> **YOUR TASK**
Copy exactly, no pictures: every line from the one that contains "米邦塔仙人掌开花吗,第1图" through the end of the entries below.

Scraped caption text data
BEGIN
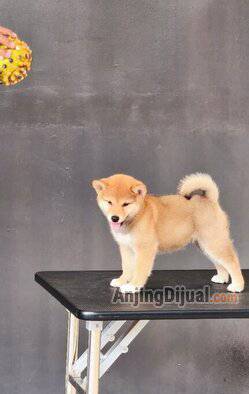 cek-disini-shiba-inu-betina-cantik-banget-sungguh-P7EYOY8GSR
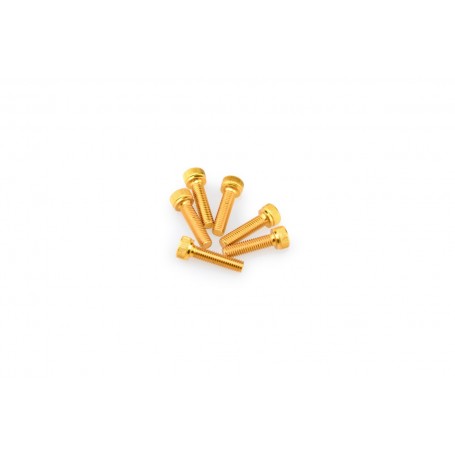 Puig Kit Screws Allen M5x20 mm Gold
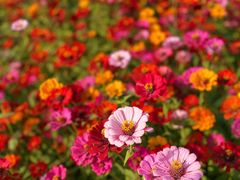 -映月湖中央公园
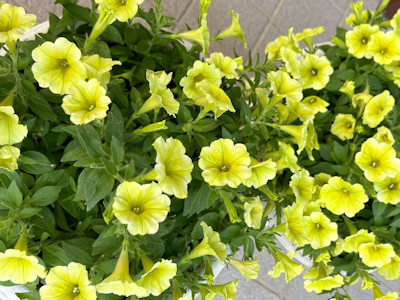 花のフォトコンテスト 入賞作品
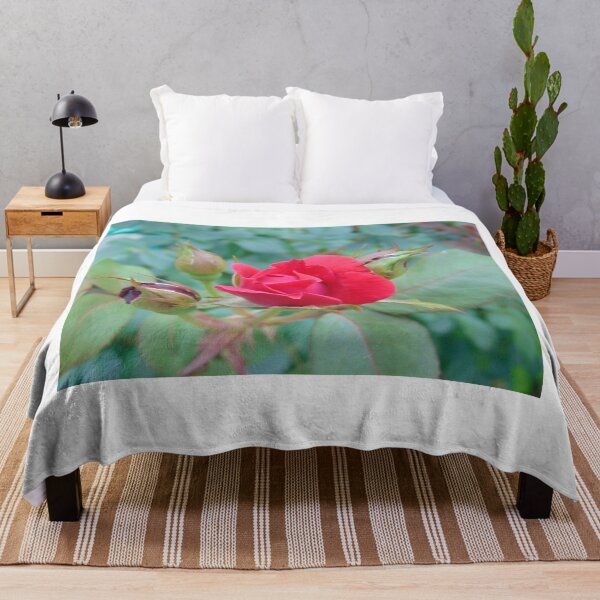 Item preview, Red Rose Ready to Bloom designed and sold by LittleDeerPhoto.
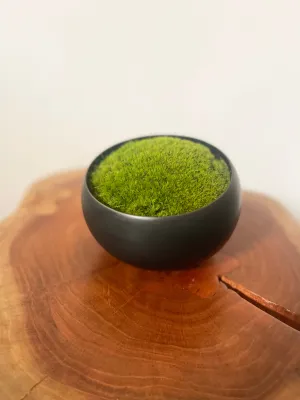 Preserved Moss in Modern Black Asymmetrical Ceramic Bowl
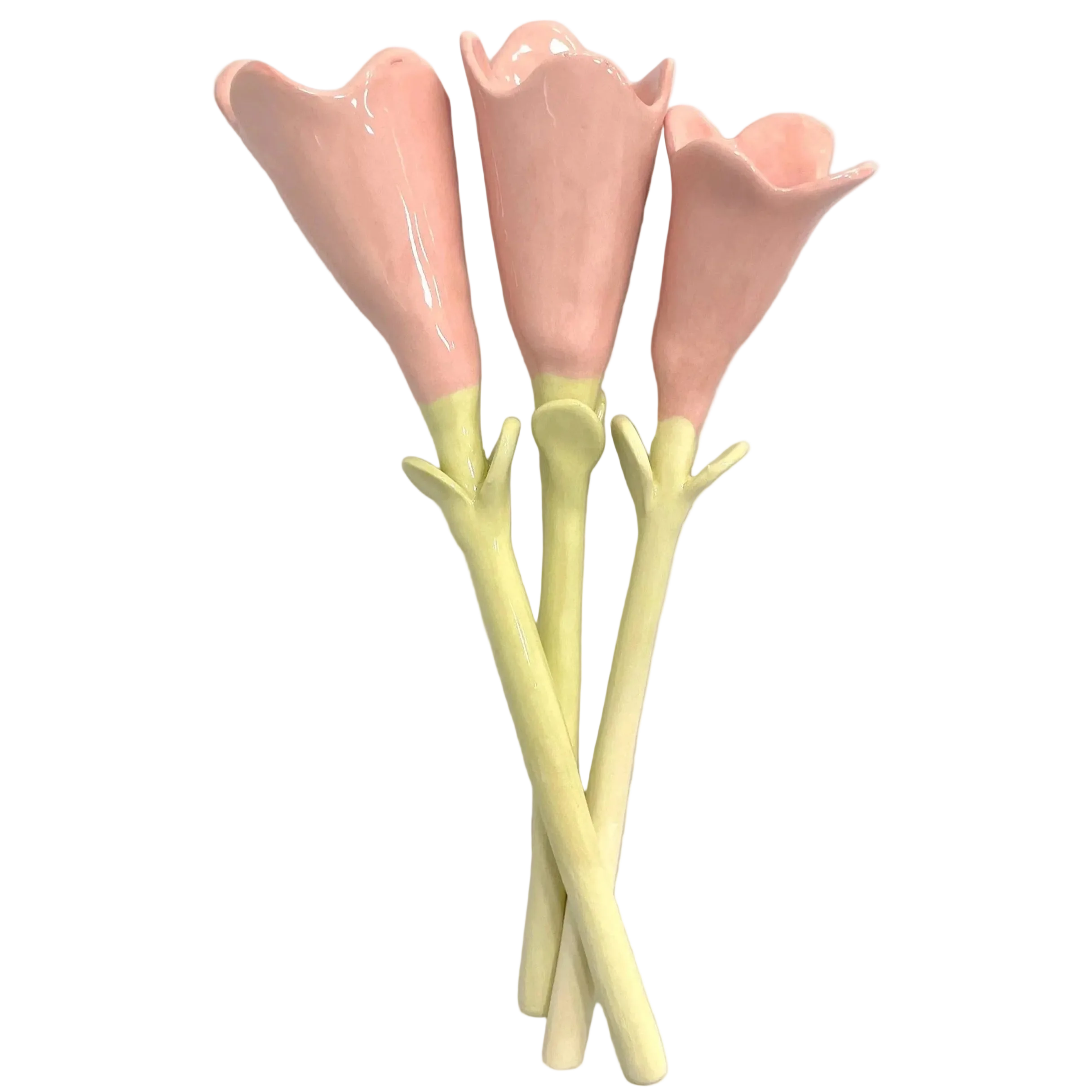 tulipán de color rosa 
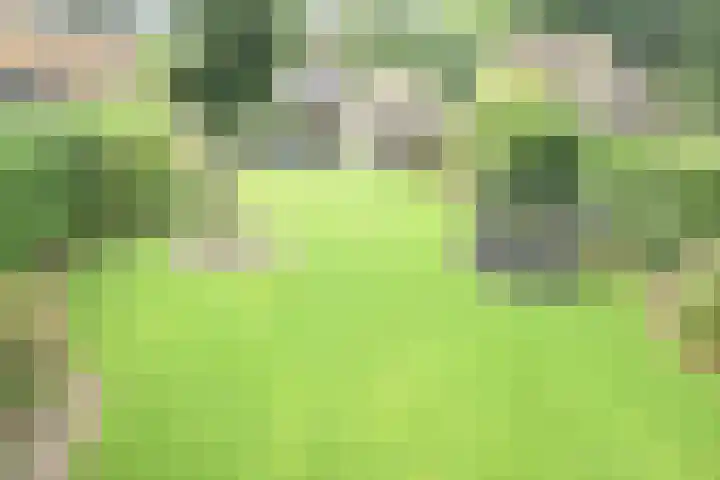 Cahorslaan 4 Eindhoven thumbnail 49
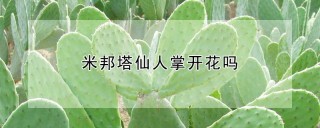 米邦塔仙人掌开花吗,第1图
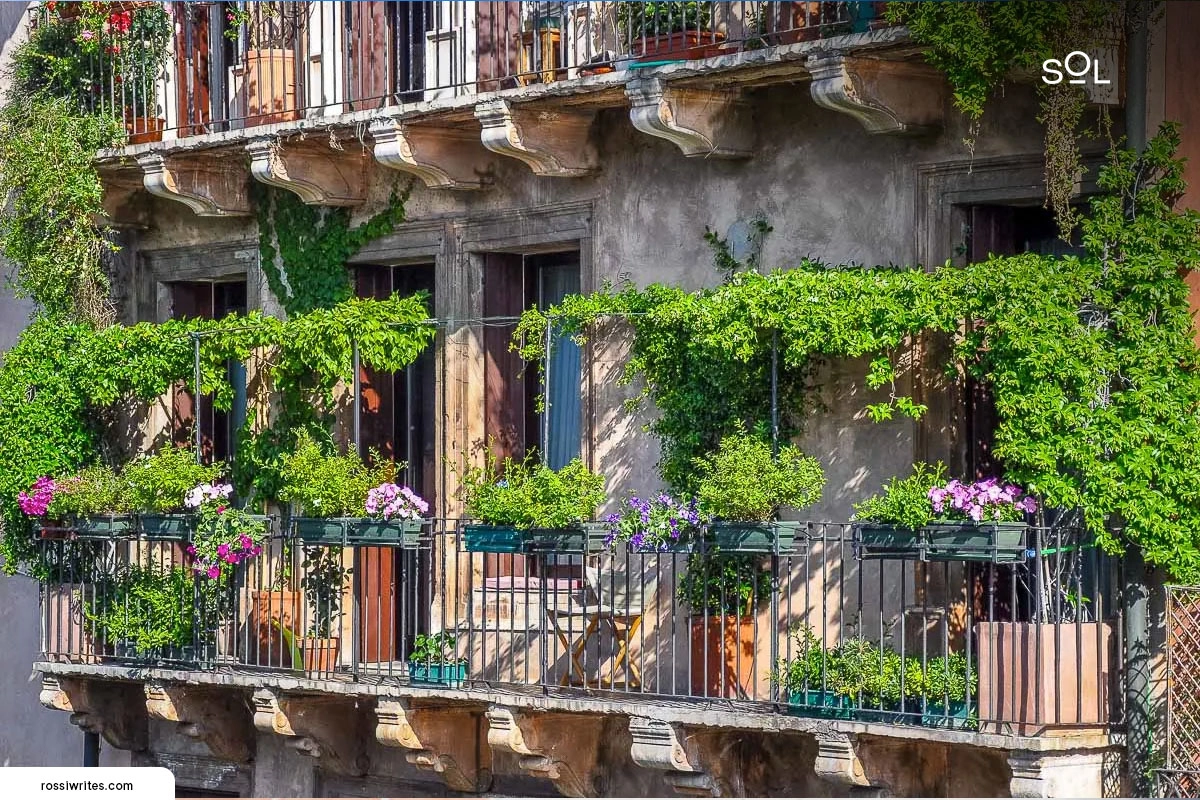 Choosing the Right Flowers for Your Balcony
END
> **PROBLEM SOLUTION**
 米邦塔仙人掌开花吗,第1图
 Choosing the Right Flowers for Your Balcony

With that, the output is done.